Last year I said exactly one type of property should touch this: a sub-15-room place wanting to test WhatsApp for free, treating the widget as a proof of concept. That advice has changed.

For a small or mid-size hotel that wants WhatsApp-led messaging as the core, with real multi-channel behind it, AI translation that works for a multilingual front desk, and named PMS and door-lock integrations, askng.it is now a credible option to shortlist. Run the free tier to learn the interface, then take the 14-day trial on Standard and put a real pre-arrival flow and the translation through a busy fortnight. Do the credits maths before you commit, and ask for a live demo against your exact PMS.

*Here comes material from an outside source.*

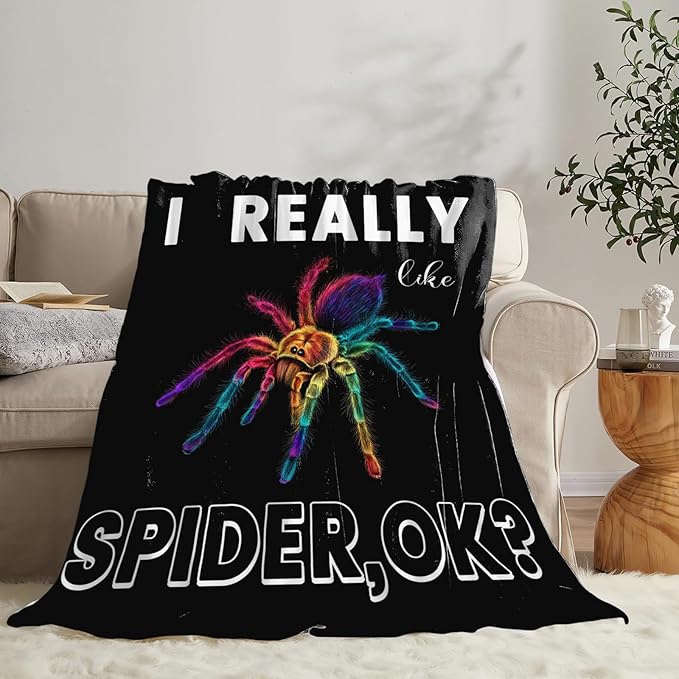 Spider Blanket Gifts for Girls Women Halloween Spider Throw Blankets Cozy Plush Fleece Flannel Fuzzy for Boys Men Decor 80"X60"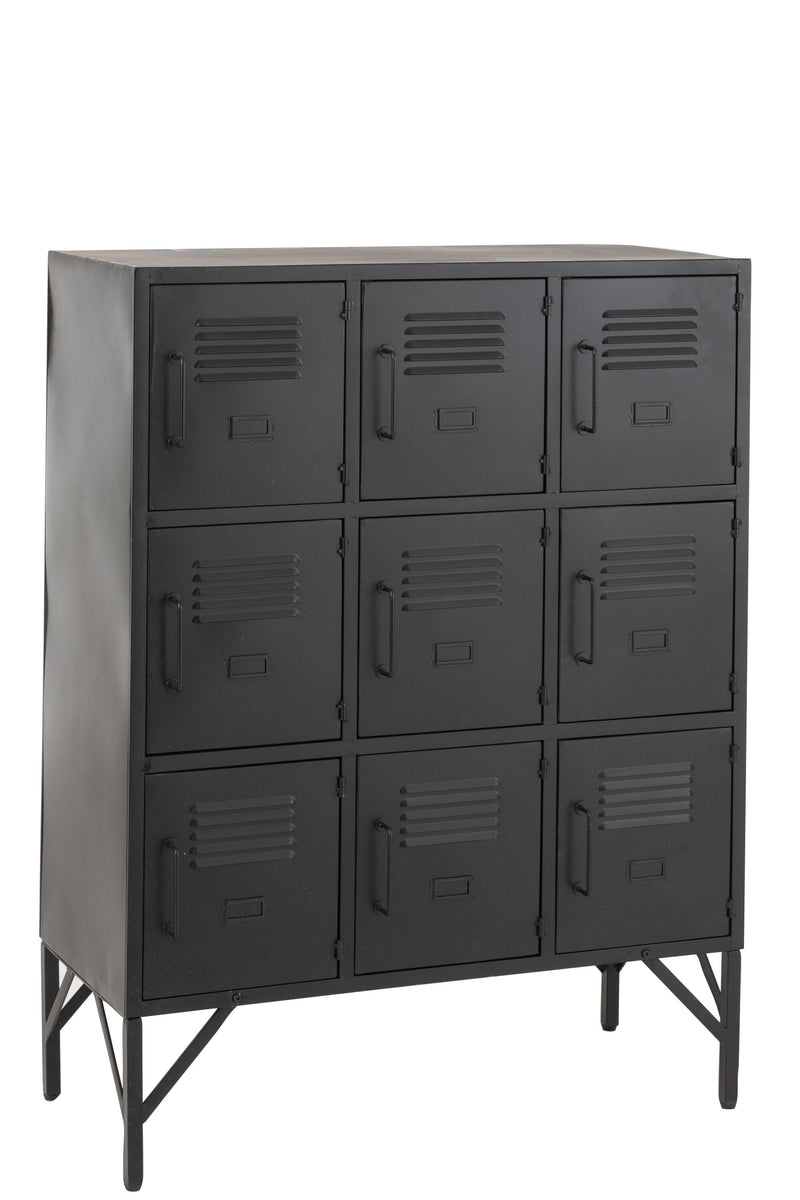 Modern 9-door black metal cabinet - storage space with an industrial flair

For larger properties that need closed-loop revenue attribution and an API you can build against, it is not all the way there. But it is close, and the gaps are early-stage gaps, not design flaws. The pioneer who started European WhatsApp-for-hotels has built the platform the head start always promised, and it is built on the right instincts: anticipate the guest, keep the human in charge of the AI, keep the whole conversation in one place. Lacoly was a 4. askng.it is a different product, and it earns an 8. I do not hand those out, but it earns it on merit: the proactive structure, the disciplined use of AI, the WhatsApp-native experience, and a European data position no competitor matches. The one thing keeping it off the very top of my list is not the product. It is the track record. The broadcast credits are a small niggle and the revenue reporting is half-built, but the real cap is that a year on I am still the only hotelier I know running it, and a tool this good should have a queue of people willing to say so on the record. When that queue exists, this is a 9.